Three movie stars, Chloe, Lexa, and Jon, are filming a movie in the Amazon. They’re very famous and very high-maintenance, so their agents are always with them. One day, after filming a scene deep in the rainforest, the three actors and their agents decide to head back to home base by foot. Suddenly, they come to a large river.

Three-stars-accross-the-river

On the riverbank, they find a small rowboat, but it’s only big enough to hold two of them at one time. The catch? None of the agents are comfortable leaving their movie star with any other agents if they’re not there as well. They don’t trust that the other agents won’t try to poach their star.

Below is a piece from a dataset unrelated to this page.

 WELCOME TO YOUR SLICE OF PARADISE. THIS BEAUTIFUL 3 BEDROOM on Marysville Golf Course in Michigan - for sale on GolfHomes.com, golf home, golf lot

For example, Chloe’s agent is okay if Chloe and Lexa are alone in the boat or on one of the riverbanks, but definitely not okay if Lexa’s agent is also with them.

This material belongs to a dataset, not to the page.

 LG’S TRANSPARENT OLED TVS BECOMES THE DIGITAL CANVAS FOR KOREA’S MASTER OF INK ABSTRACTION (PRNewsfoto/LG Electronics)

So, how can they all get across the river, in as few crossings as possible?

As you can guess, there is not a single solution to this problem; actually, it doesn't matter in which order stars or their agent arrive at the destination bank. Solution where Chloe and Jon arrive last to the destination bank is basically the same as solution where Chloe and Lexa arrive last, provided that the respective agents are on the proper bank - what matters are not actual names, but rules: at no point in time, one star can be anywhere beside agent of other two stars if her own agent is not there.

This leads to potentially disputable point; one proposed solution includes Chloe and her agent first crossing towards the far bank; Chloe then leaves her agent there, and rows back to the near bank of the river; in the third crossing, two remaining agents on the near side go to the distant bank. After that, things seem nice: we have all three stars on the near bank, and all three agents on the distant bank. The transfer proceeds with 6 more crossings untill everyone is safe on the other side, with total of 9 crossings.

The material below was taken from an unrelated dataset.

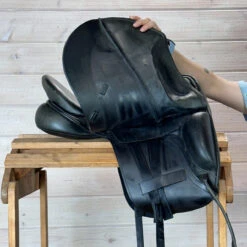 Used Albion SLK Dressage Saddle 17/MW -Royal Horse Outfitters 427 R Flap 69605.1719964190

But what I don't like here is switch between second and third crossing: Chloe jumps out of the boat and technically she is on the same bank with two agents of other stars, while her own agent is on the other side of the river... so, she violated basic presumption of the task!

I solved the riddle with 11 crossings without running into this issue. Can you solve it in less attempts? If you wish, comment below or reach me via contact form.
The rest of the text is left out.